● **Your goal**: Your task is to transcribe the lines from the start of the data below through the line containing "A grid of arrows", inclusive, exactly as they stand and without the pictures.

● **Recorded information**:
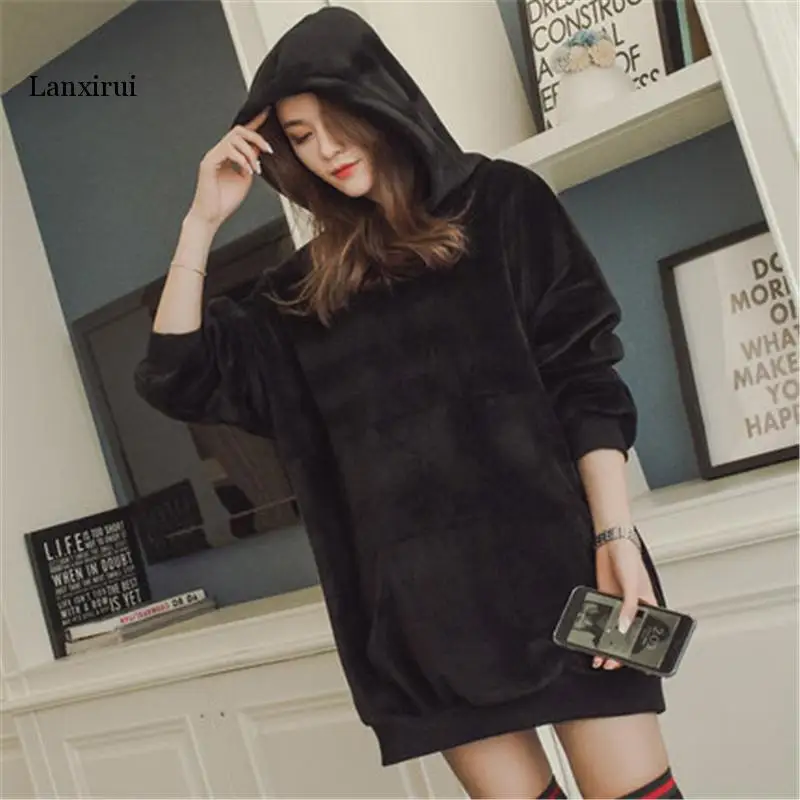 Double Gold Velvet female Sweatshirt New Women Spring Autumn Harajuku BF Loose Thickened Plus Velvet Hooded Hoodies Double Gold Velvet female Sweatshirt New Women Spring Autumn Harajuku BF Loose Thickened Plus Velvet Hooded Hoodies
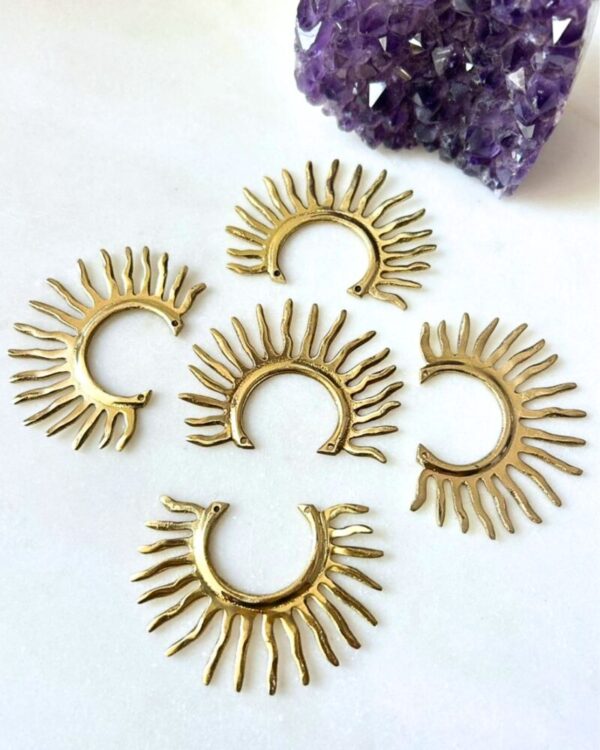 Radiant Sun Brass Pendant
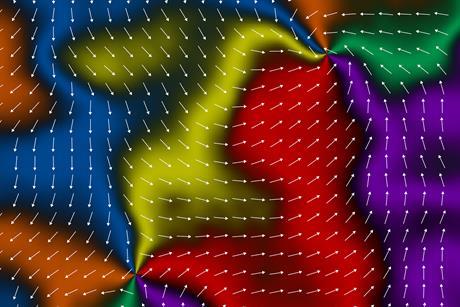 A grid of arrows swirling around points that are also intersections of different colours
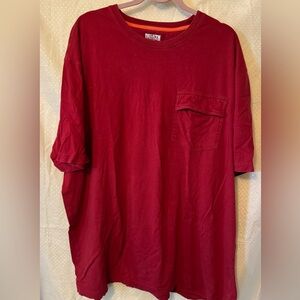 Duluth Trading Co Men's Short Sleeve Red Tee Spillfighter Longtail T 2XL Cotton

● **Finished task**:
 Double Gold Velvet female Sweatshirt New Women Spring Autumn Harajuku BF Loose Thickened Plus Velvet Hooded Hoodies Double Gold Velvet female Sweatshirt New Women Spring Autumn Harajuku BF Loose Thickened Plus Velvet Hooded Hoodies
 Radiant Sun Brass Pendant
 A grid of arrows swirling around points that are also intersections of different colours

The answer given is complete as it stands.